Still, as off-putting as the show can be, it’s nothing compared to what you find when you give a cursory glance to Tyson’s Wikipedia page, riddled with mentions of his anti-Semitic, homophobic and xenophobic public remarks. Yes, Sharon Osbourne also has offensive, antisocial opinions, but we didn’t know that before a powerful media company made her a reality TV star.
Paris and Tyson have already headlined two documentary series in the U.K., which is probably part of the reason Netflix executives decided to make nine more episodes about the family, despite Tyson’s various scandals and bigotries.
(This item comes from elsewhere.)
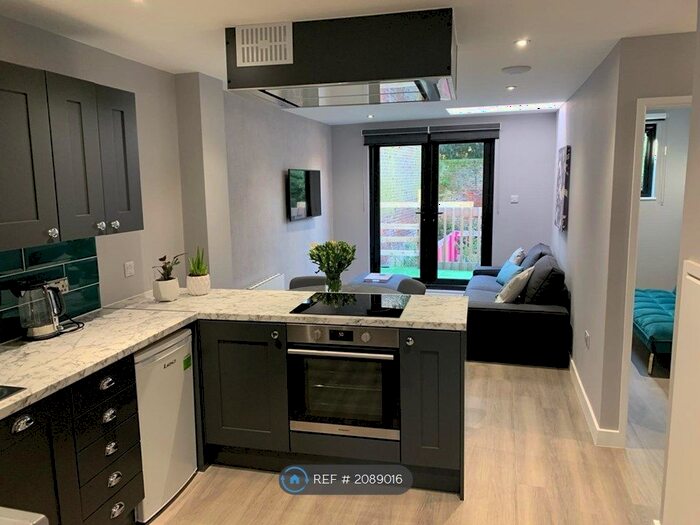 2 Bedroom Flat To Rent In St Albans, Herts, AL1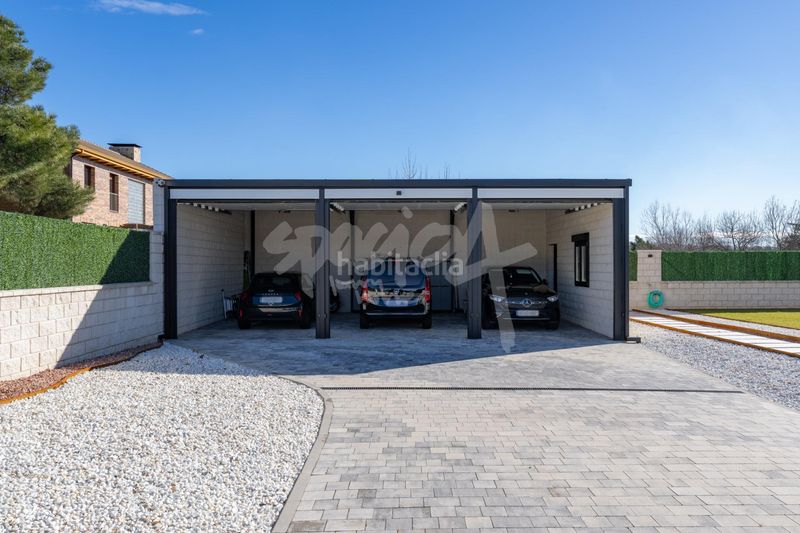 Foto 9fcd2ec0-faad-4f75-adeb-d4181246047f. Xalet amb aparcament piscina a Colmenarejo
But whereas the Osbourne house of the early aughts stayed on the pleasant side of chaotic, even when Sharon was attacking neighbors with an airborne ham, the Fury house as portrayed in At Home isn’t somewhere I really want to spend much time.
Last week’s news about Wayne Brady’s pansexuality included a reminder that he’s also making a reality show about his family, coming next year. Will it be as big a hit as The Osbournes? Probably not. But I’m still going to wait for that one rather than watch more of the Furys; the Bradys seem like they’ll be much more fun.
*This is an important distinction: Yes, Kim Kardashian also headlined what was, for its first several seasons, a half-hour reality sitcom, but her fame did not derive from, shall we say, achievement in a professional field.